Abou Lagraa avait envie de donner à sa danse un autre engagement, en se confrontant pour la première fois à un texte et avec un metteur en scène sans concession, Mikaël Serre. Le Cantique des cantiques est un texte religieux de l’Ancien Testament composé de poèmes et de chants d’amour entre un homme et une femme, écrit à une époque où les guerres des hommes faisaient rage. Avec lui, les deux artistes cherchent la même chose : extraire l’amour du chaos.

L’écriture chorégraphique est dessinée autour de trois duos faits de sensualité, de fusion, de séparation et de violence. Ils sont le contre-point, la conséquence, l’élargissement de réflexions sur la sexualité, l’homosexualité, la place de la femme dans des sociétés où le respect de l’autre est bafoué, où les religions se heurtent tandis que certains prônent l’anéantissement d’une humanité.

Puissamment érotique, le texte est donné par deux comédiennes qui posent magnifiquement leurs corps dans l’espace, offrant aux sentiments exprimés des lieux d’émergence à l’intérieur de la danse. Mikaël Serre a trouvé sa place.

Abou Lagraa a épuré son écriture habituellement très liée, intégrant une fragmentation du rythme telle la construction du poème mais aussi pour nous donner à voir le corps autrement. Esseulés, au sol, respirant lentement, traversés par le spasme ou le silence, à l’écoute de leurs râles intérieurs, soumis à la passion, les corps des danseurs agissent comme des aimants qui captent notre attention, se transformant en éléments du poème.

Une danse gorgée d’un suc jouissif et inaltérable

Avec une structure narrative qui intègre danse et théâtre, la pièce se trouve parfois dans un manque de lisibilité sur son déroulement tandis que se pose la question de l’introduction de scènes concrètes, comme celle du viol qui étrangement oscille entre la douleur et le surjoué. Mais Abou Lagraa a choisi de hurler et il assume.

À son esthétique s’ajoute la musique d’Olivier Innocenti, qui crache les vrombissements de la terre, ceux des marteaux de Daesh et qui sublime l’amour entre les corps.

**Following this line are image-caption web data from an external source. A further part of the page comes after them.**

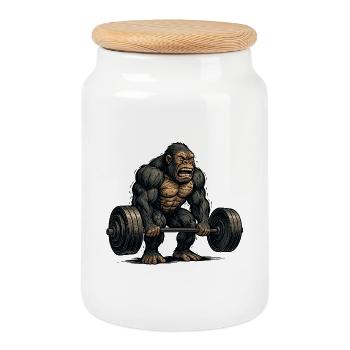 Aesthetic monkey with dumbbell - Cookie Jar with Wooden Lid - white - Front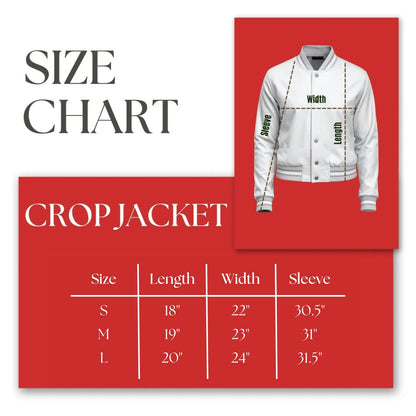 DST Greek Apparel S Cropped Satin Varsity Jacket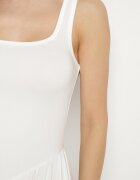 by swan Rochie Albă din Viscoză cu croi Cloș cu Decolteu Pătrat Tilvia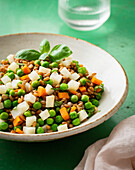 Ayurvedic pea and barley stew with vegetables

Sa danse est gorgée d’un suc jouissif, inaltérable, qui se mesure à l’abandon, à la fluidité et aux rebonds. Ici, elle semble taillée dans une pierre laissant surgir l’essentiel du mouvement et de l’émotion, soutenue par des danseurs tout simplement admirables.

Le Cantique des cantiques, chorégraphie d’Abou Lagraa © Dan Aucante

© Dan Aucante
Le Cantique des cantiques, chorégraphie d’Abou Lagraa.

La fin du Cantique, qui couvre les danseurs de phrases projetées issues de la charte des droits de l’Union européenne, symbolise l’état dans lequel la pièce nous laisse : enveloppés de mots, d’images, de sensations nous rappelant les fondamentaux de la liberté et les droits de l’être humain. Certains passages évoquant l’engagement à ne pas refouler des peuples fuyant la répression résonnent d’une actualité brûlante. Le rappel est simple mais efficace.

Pour Abou Lagraa, la liberté est aussi celle qu’il s’accorde en prenant le risque d’une création qui s’éloigne de là où on l’attend, tandis que Mikaël Serre l’accompagne avec subtilité. Et il a eu raison de le faire, sinon, à quoi sert l’amour ?

Le Cantique des cantiques – chorégraphie Abou Lagraa, mise en scène Mikaël Serre. Dernières dates à Lyon : jeudi 17 et vendredi 18 septembre à 20h30, à la Maison de la danse.
En tournée les 24 et 25 novembre à Bonlieu-Scène nationale d’Annecy.